When to Use Auto-Split/Merge
The auto-split/merge feature can be optionally used within the WorldServer environment. By default, it is partially enabled. The merge processes within the auto-split/merge feature are generally deemed more reliable than the auto-split process. When an appropriate merge candidate is found, there is a guarantee that both asset segments involved will be leveraged higher against the applied TM than they would be on their own. (There is no guarantee that the larger merged segment will lead to a 100% or better match.) For auto-splits, the only known quantity is that the first part of the segment will result in a 100% match, while the new segment created from the second part of the original segment may not even have a TM match in the applied TM.

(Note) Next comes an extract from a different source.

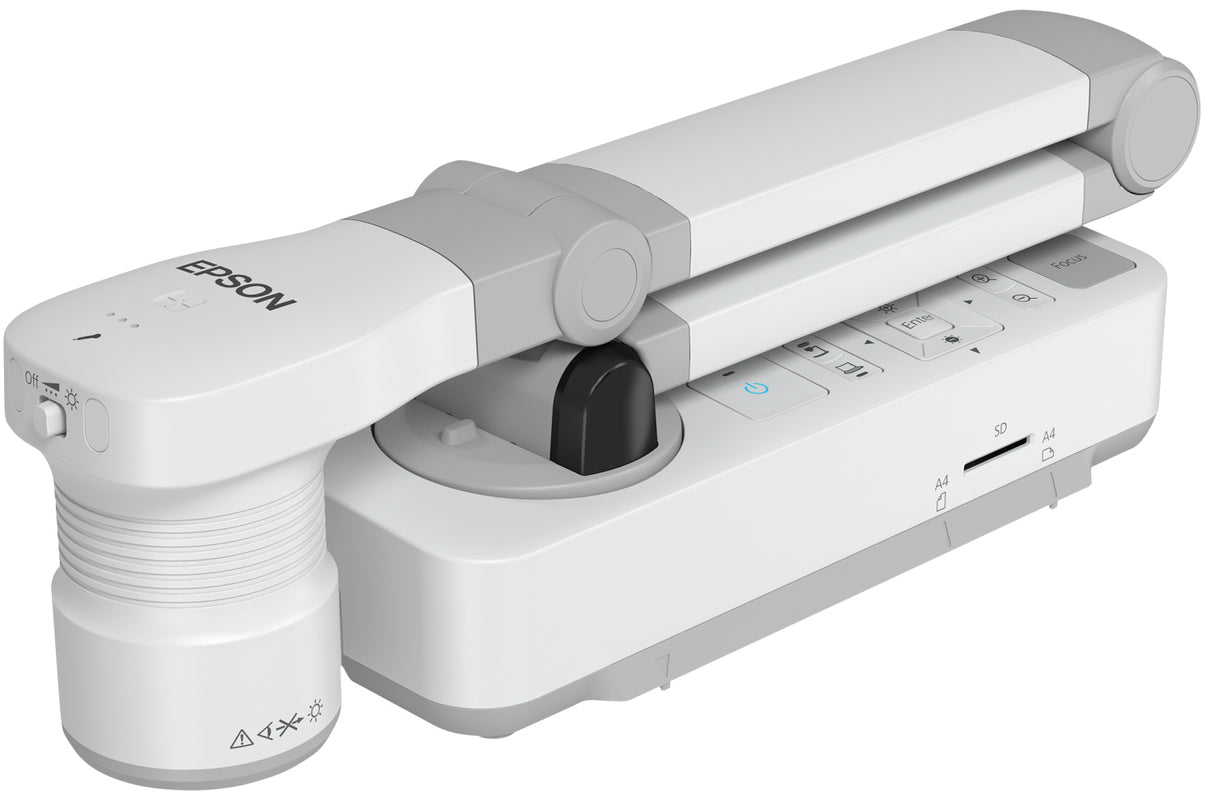 Epson DC-21 document camera White 25.4 / 2.7 mm (1 / 2.7") CMOS USB 2.0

There are two processes during which the auto-split/merge process is generally applied: ICE lookup and fuzzy lookup. If translators are expected to manually split or merge segments during translations, then the ICE matches that would be expected after re-leverage on the same content depend on whether the split/merge options for the ICE lookup are enabled. For this reason, the options for the ICE lookup process are enabled by default. The hyper-merge option does not apply to the ICE match lookup process. Both merge options are enabled for the fuzzy lookup process by default. The auto-split option is disabled by default for the fuzzy lookup process.
In general, the split/merge technology can be effectively used when significant segmentation differences exist between the asset and the TM. For instance, consider using the split technology when the TM mostly contains sentence-level entries and the asset file type produces paragraph-level segments. The split process can potentially break up the asset segments to make better matches against the TM entries.
Similarly, the merge process can be effectively used when the asset segments are produced at the sentence-level, but the TM entries were created at the paragraph-level. The merge process can progressively merge successive asset segments to match against a larger TM entry.
Both technologies can be used in tandem to leverage against a TM that may contain both sentence and paragraph-level entries. It is worth restating that this technology is only employed in the event that a qualifying match cannot be found for the original segment.